Repubblica 9.11.16
La lingua dell’odio
di Nadia Urbinati
C’È
UN luogo comune sull’America che è rimbalzato nei media tradizionali e
sui social media in queste settimane: a fronte dei colpi bassi tra i
candidati e degli scandali, svelati o annunciati addirittura da agenzie
pubbliche come l’Fbi, cadono i miti sull’America delle regole e della
democrazia. Un luogo comune che non coglie nel segno perché non è una
novità che la politica americana superi l’immaginazione quanto a
spietata durezza.
La storia americana è scandita dall’uso di colpi
bassi e di violenza in politica: omicidi di presidenti (a partire dal
grande Lincoln fino al giovane Kennedy) e candidati (l‘ultimo Robert
Kennedy), scandali che hanno fatto cadere presidenti (Nixon), campagne
dal linguaggio populista violento e razzista (del democratico Wallace),
infine finanziamenti miliardari alle campagne elettorali che servono
addirittura a misurare il gradimento dei candidati, per cui chi è
semplicemente “popolare” non ha nei fatti le stesse possibilità di
vincere di chi ha dalla propria le multinazionali e le oligarchie di
partito (un tema che Bernie Sanders ha più volte sollevato nelle
primarie contro Hillary Clinton). Insomma, l’America è ammirevole non
per la sua purezza ma per l’esplicita confessione delle impurità della
politica e per quella straordinaria forza delle istituzioni e
dell’opinione che resistono a scandali e a violenze. Cinismo verso la
politica e convinzione della rettitudine delle persone ordinarie: su
questo dualismo si è costruito il mito del populismo americano “buono”,
che mai ha tracimato dal regime costituzionale. L’immaginario di un
eccezionalismo americano nella valutazione del populismo è durato almeno
fino a Donald Trump.
La novità immessa nella politica americana —
forse la maggiore novità — sta qui: nel fatto che gli americani, ultimi
tra tutti i paesi democratici, abbiano scoperto che il populismo
“cattivo” è possibile. Il “popolo” può essere personificato da un
pessimo leader e identificato con un linguaggio fortemente negativo e
negazionista: negativo, come in altri momenti del passato (pensiamo
appunto a Wallace) e anche negazionista, come mai prima d’ora.
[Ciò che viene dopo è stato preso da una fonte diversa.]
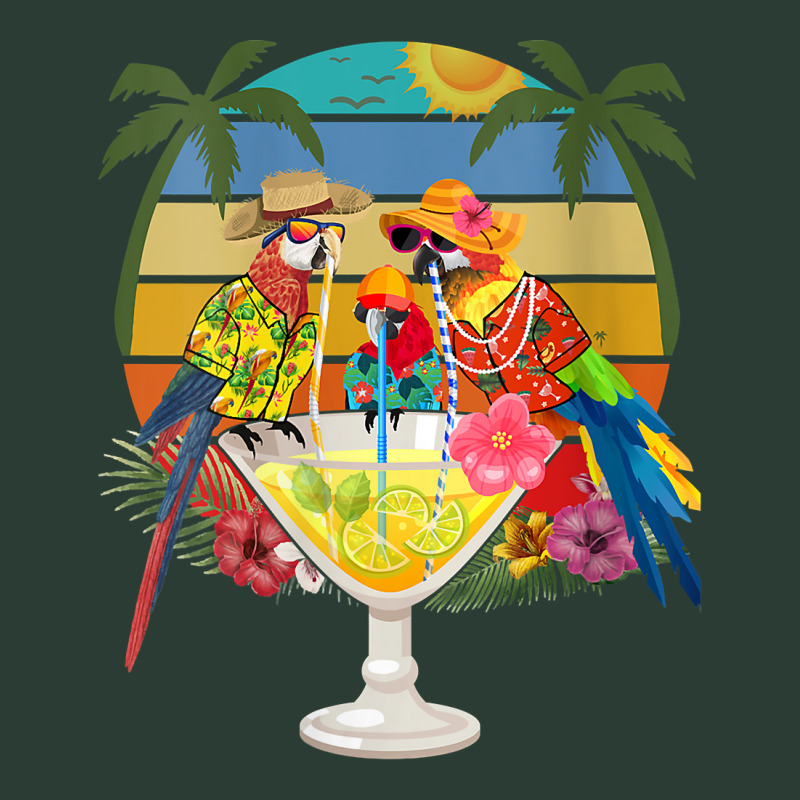 Womens Parrots Drinking Margarita On Summer Vacation Birds Fun V Neck Fashion Visor by hutchisongruda | Artistshot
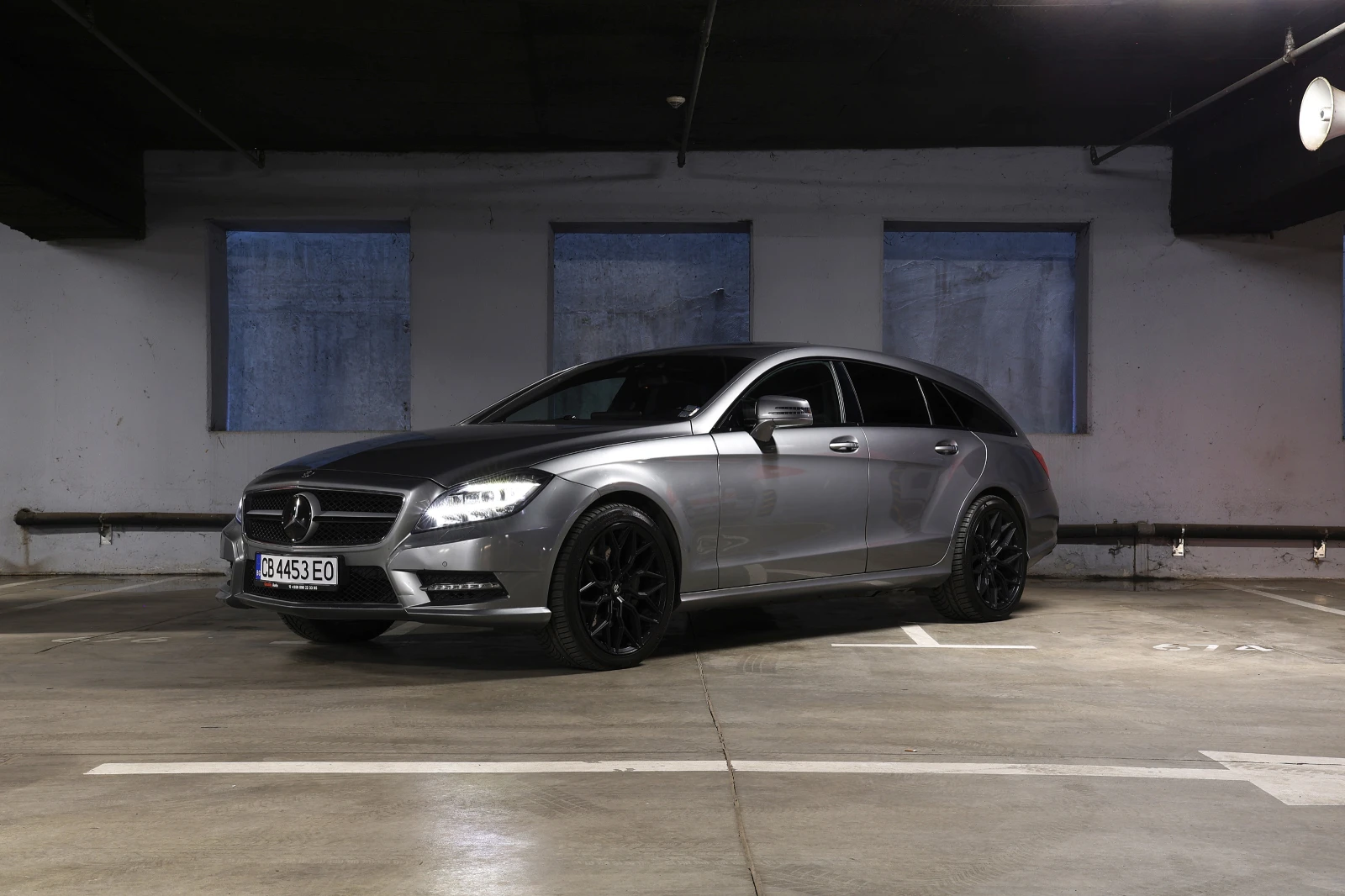 Mercedes-Benz CLS 350 AMG | Shooting Brake | Airmatic | Night Vision, снимка 7 - Автомобили и джипове - 54248014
Negazionismo: Trump ha dichiarato da settimane di poter negare il
risultato di queste elezioni (se perdesse), perché esito di una campagna
condotta in maniera fraudolenta sia da parte della candidata Hillary
che da parte dei media liberal, e delle élites acculturate dei college
Ivy.
Sugli “errori” di Hillary sappiamo: errori per aver usato,
quando era segretario di Stato, telefoni pubblici e privati
indifferentemente, senza fare distinzione tra le questioni personali e
quelle politiche. Un errore di valutazione e il segno di un’abitudine al
potere (che Hillary frequenta a vario titolo, privato e pubblico, da
alcuni decenni), che non sembra aver tuttavia messo a repentaglio gli
interessi nazionali. Ma a Trump importa poco il fatto materiale.
Il
fatto nuovo di questa campagna è, come si diceva, un altro: Trump ha
accusato ripetutamente i media “liberal” di aver fatto una campagna
tendenziosa, di aver premeditato la disinformazione (lo ha ripetuto
anche la moglie Melania in due interviste televisive)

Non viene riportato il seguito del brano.